Again, New York has some of the toughest laws strictly limiting the capacity of gun magazines to 10 rounds. But the alleged Buffalo shooter still managed to modify his Bushmaster with relative ease so that he could fire 30 bullets before reloading.

Barden has strong words about that: “When my little seven-year-old son Daniel was shot to death in his first-grade classroom, that individual had a military-style assault rifle using a high-capacity magazine that was able to fire 154 bullets in around four minutes. That weapon was intentionally designed to kill as many people in as short a time as possible on the battlefield, and that’s the same kind of ordinance that people are still able to purchase in this country today.”

The wider question about Buffalo’s missed warning signs is how a culture of white supremacy that appears to have motivated the alleged shooter has been permitted to thrive and proliferate over decades. Kathleen Belew, an associate history professor at the University of Chicago and author of Bring the War Home: The White Power Movement and Paramilitary America, tracks it back to the end of the Vietnam war, when neo-Nazis, tax resisters, skinheads and militia groups all began to coalesce around the idea of white power.

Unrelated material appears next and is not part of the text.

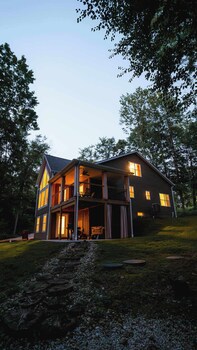 modern 2 bd cabin with hot tub and games and central loc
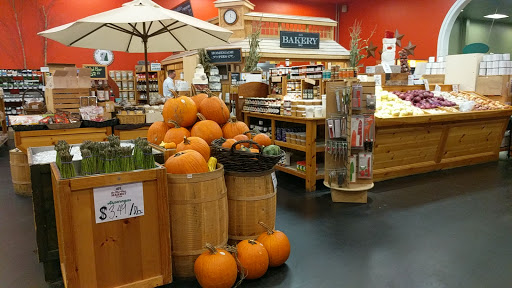 Gourmet Grocery Store «On the Vine Marketplace», reviews and photos, 75 Portsmouth Ave, Exeter, NH 03833, USA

She sees it as a movement that through its networks has left plenty of footprints. “You can trace members of the movement through intermarriages, weapons, money, ideas, images – all of those are flowing with surprising frequency between groups that we thought of as disparate.”

From the Oklahoma City bombing of 1995 through the 2017 Unite the Right rally in Charlottesville and the Tree of Life synagogue shooting that killed 11 people in Pittsburgh the following year, all the way to Buffalo, the trail of blood is long and voluminous. And yet until recently the FBI and other federal agencies directed much more effort into tackling leftist and Black groups than white supremacists who are far more dangerous.

For Belew, recent statements from top government officials that white nationalism is now the largest domestic terrorism threat in the US are too little, too late. “There’s no way to read this other than it being several decades late. Two years of attention is not enough to face down a movement with decades of organizing.”

As the anniversary of his son’s death looms, all these glaring weaknesses leave Barden all the more determined to strive for a better country. “We are in dire straits in the United States,” he said.

He is playing the long game, he said, working through Sandy Hook Promise to instill in children a culture change. “We teach kids to value one another, to be upstanders for each other.”

That’s an ambitious project, but over time he believes it will be worth it. Then he adds: “It’s just unfortunate that in the interim we have to watch people die while grocery shopping.”